How do you balance the desire to be liked with the need to be respected? Organizational psychologist Bob Sutton has a handy rule for leaders.

Maybe you have heard the old leadership saw that “it’s better to be respected than liked.” It sounds sensible. But there are a couple of problems with this common leadership advice.

One, all people, even hard-charging leaders, are wired to seek others’ approval. Which makes being able to stomach their dislike, even when it’s in the service of some higher aim, one of the most common leadership challenges. Just ask this top VC, who’s worked with many newbie CEOs.

Second, this saying may be pithy, but that means it’s also vague. It’s handy to know that you valuing respect over good will make you a better leader. But how do you put that into action?

Recently, Stanford organizational psychologist and author Bob Sutton (his book The No Asshole Rule is a classic) offered a simple rule that can help leaders overcome both these hurdles and better balance the need to be liked with the imperative to sometimes ruffle feathers.

Why so many leaders struggle with people pleasing

“You’re probably pretty disagreeable people,” Stripe co-founder Patrick Collison once joked to an audience of founders. “You wouldn’t have become entrepreneurs if you weren’t.”

Entrepreneurs may be famously independent, but they’re still human. As a social species, humans evolved to care about what other people think about them. For most of history, we relied on each other for survival. Not getting along with your group greatly increases your chances of getting eaten by a lion.

Which is why, even if you pride yourself on your independent streak, part of you almost certainly still strives for likability. That’s natural and good. My Inc.com colleague Jeff Haden has rounded up a ton of science showing that being nice actually helps you in many areas of life. (Research also shows that niceness is generally a sign of intelligence.)

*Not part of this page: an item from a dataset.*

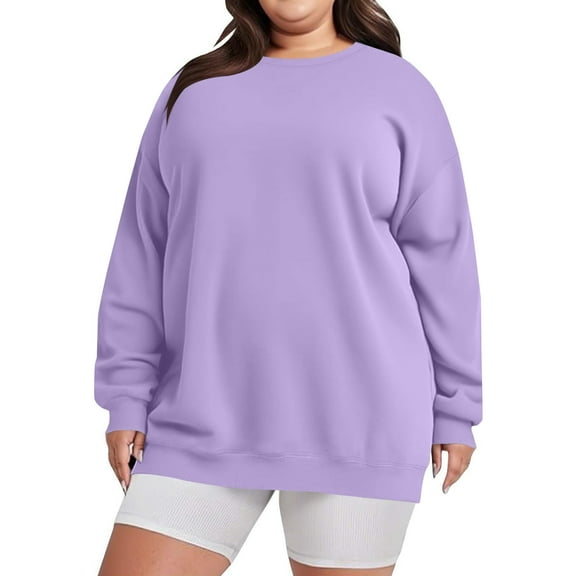 QHRMKOG Womens Sweatshirt Winter Plus Size Full Length Sleeve Round Neck Sweatshirt Casual Solid Color Sweaters Light Pullover Top(4XL-5XL) Purple 4XL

But there is still definitely such a thing as being too likeable.

According to a variety of coaches and executives, leaders who are too focused on being liked avoid giving critical negative feedback, overpromise to customers and colleagues, and withhold valuable but unpopular information and opinions. Being inauthentic about your feelings to keep others happy also often backfires, causing others to lose trust in you.

Unsurprisingly, all this is generally bad for business. It can also be bad for your mental and physical health. People pleasing can make you overwhelmed, resentful, or ethically compromised. Doctors have warned that you can make yourself physically ill by repressing your negative emotions for others’ benefit.

Be a better leader with the 90-10 Rule

Which suggests that being nice and popular are worthy goals, but being too agreeable will hurt you. Where do you draw the line? Bob Sutton recently gave his handy answer to that question during an episode of Adam Grant’s Re:Thinking podcast. You can think of it as the 90-10 Rule.

“There’s a quote from my late father-in-law that ‘I have a long list of friends and a short list of enemies, and I’m equally proud of both lists,’” Sutton tells Grant. “That’s kind of my philosophy.”

Having no enemies is probably a sign you are a people pleaser who is reluctant to take principled stands and share hard-to-hear truths. On the other hand, if everyone seems to think you’re a jerk (or even if you think everyone else is a jerk), you are probably actually a jerk.

What’s the right ratio of admirers to critics? You guessed it, Sutton aims to have roughly 90 percent of people like him and accepts that 10 percent — “who exploit people, they’re takers, or they’re a**holes” — are not going to be his biggest fans.

What’s your ratio?

Keeping this ratio in mind can help you handle the inevitable emotional toll of upsetting people and taking risks, Grant point out: “When someone gets upset with you, you can just say, ‘all right, well that’s in the 10 percent for this year.”

It’s also a good test of whether you’re an excessive people pleaser. If you’re a leader, pause right now and mentally run through a list of the people you deal with day to day. How many like you? How many think you’re difficult, self-righteous, pushy, inflexible, or otherwise a pain in the neck?

The answer doesn’t have to be exactly 90 percent of people for the first question, and 10 percent for the second. But if your answer is wildly off from that — say, if absolutely everyone thinks you’re a sweetheart or two-thirds of co-workers are praying for your departure — chances are you’re not getting the balance between likeability and respect right.

Sutton’s 90-10 Rule isn’t an exact target to aim for, but it’s a pretty good indication of whether you’re grappling with one of the more common leadership challenges.